Enerji ve Tabii Kaynaklar Bakanlığı, 75’i deprem bölgesinde olmak üzere 478 maden sahasını ihaleye açtığı bir dönemde, 2016 ve 2017 yıllarındaki iki başvurusu da onaylanamayan Uludoru maden firmasının bu kez kapalı ocak yöntemiyle, kamu yararına olmayan, bölgemize hiçbir yarar sağlamayacak, aksine geri dönüşü olmayan yıkımlar yaratacak, Ayvalık’ın Hacıveliler, Gömeç’in Kumgedik ve Kubaçlar mevkiinde açmak istediği maden ocağı projesine yaptığımız itiraz sonrası ÇED süreci sonlandırıldı. Yıllardır yenilenmeyen kanalizasyon sistemi yüzünden iç denizimiz lağım sularıyla kirletilirken, derin deşarj aldatmacasıyla çevre yönetmelikleri hiçe sayan BASKİ, deniz ekosistemini tehdit etmeye devam ediyor. En temel insan haklarından biri olan sağlıklı, temiz ve ucuz içme suyu ise Ayvalık halkı için hayal gibi görünüyor. Ayvalık halkı, BASKİ yetkililerinden, Ayvalık gibi eşi bulunmaz bir kente yakışmayan bu rezalete son vermesini bekliyor.
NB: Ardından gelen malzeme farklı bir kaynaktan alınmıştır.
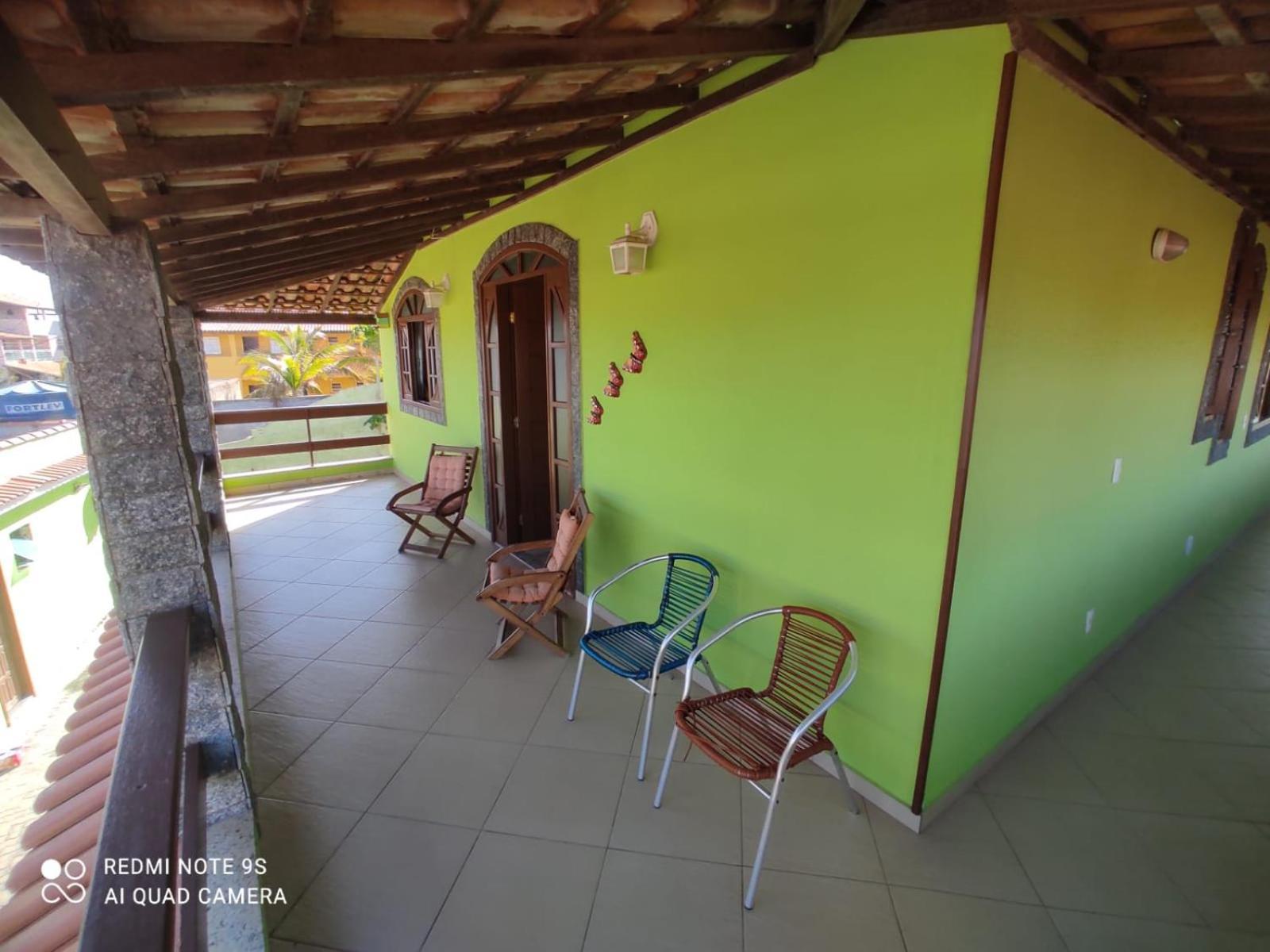 Casa Belissima - Ar Condicionado E A Melhor Opcao. Arraial do Cabo Luaran gambar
Türkiye’nin en iyi ve en uzun kumsalı olarak bilinen, 17 kilometre uzunluğunda 100 metre enindeki Sarımsaklı kumsalı bugün büyük bir yıkımla karşı karşıyadır. Kamuya Açık Plaj Kumsal olarak kayıtlı iken 2021 yılında bölge Doğal Sit- Sürdürülebilir Koruma ve Kontrollü Kullanım Alanı olarak tescil edilerek, mevcut plan hükümsüz kılınarak, Çevre Şehircilik ve İklim değişikliği Bakanlığı ve Balıkesir Büyükşehir Belediyesi ortaklığıyla yeni imar planları yapmanın yolu açılmıştır. Türkiye ve Ayvalık için bu kadar değerli bir alanda halka sorulmadan yapılan bu projenin amacı bellidir. Kıyı alanlarını kuralsızca tahrip eden asfalt- beton belediyeciliğinin, halkın çıkarlarını değil rantı hesapladığı aşikârdır. Reakreasyon Alanı adı altında beton dökme hakkını meşrulaştıran anlayışın, kıyıları kiralamasını, halka kapatmasını, parayla girilen yerler haline getirmesini kabul etmiyoruz. Hepimiz canlı-cansız tüm doğal varlıkların ortaklığına dayalı yaşam alanlarımıza el konulduğunu, özel mülk haline getirildiğini görüyoruz. 2017 yılında Sarımsaklı Plajı’nda, Ayvalık’a özgü olması nedeniyle Ayvalikensis adı verilen, bilim dünyasında Trigonella coerulescens subsp. ayvalikensis (Fabaceae) olarak kayıt altına alınan endemik bir tür keşfedilmiştir. Kent Estetiği Daire Başkanlığı kontrolünde, Sarımsaklı’da yapımına başlanan peyzaj düzenleme işiyle kumsal ve Ayvalikensis beton ile kaplanarak yok edilmiştir. Yaşam alanımız olan kıyıların durumuna dikkat çekmek, kıyıların hukuksuz kiralamalarla işgal edilmesine karşı çıkmak, Ayvalikensis’in yalnız olmadığını göstermek ve Sarımsaklı kıyılarını yeniden hepimizin ortak varlığına dönüştürmek için buradayız. Sadece bugün için değil, gelecek kuşaklar adına da bu projeye son verilmesini, kumsaldaki beton kaplamaların kaldırılmasını istiyoruz” diye konuştu.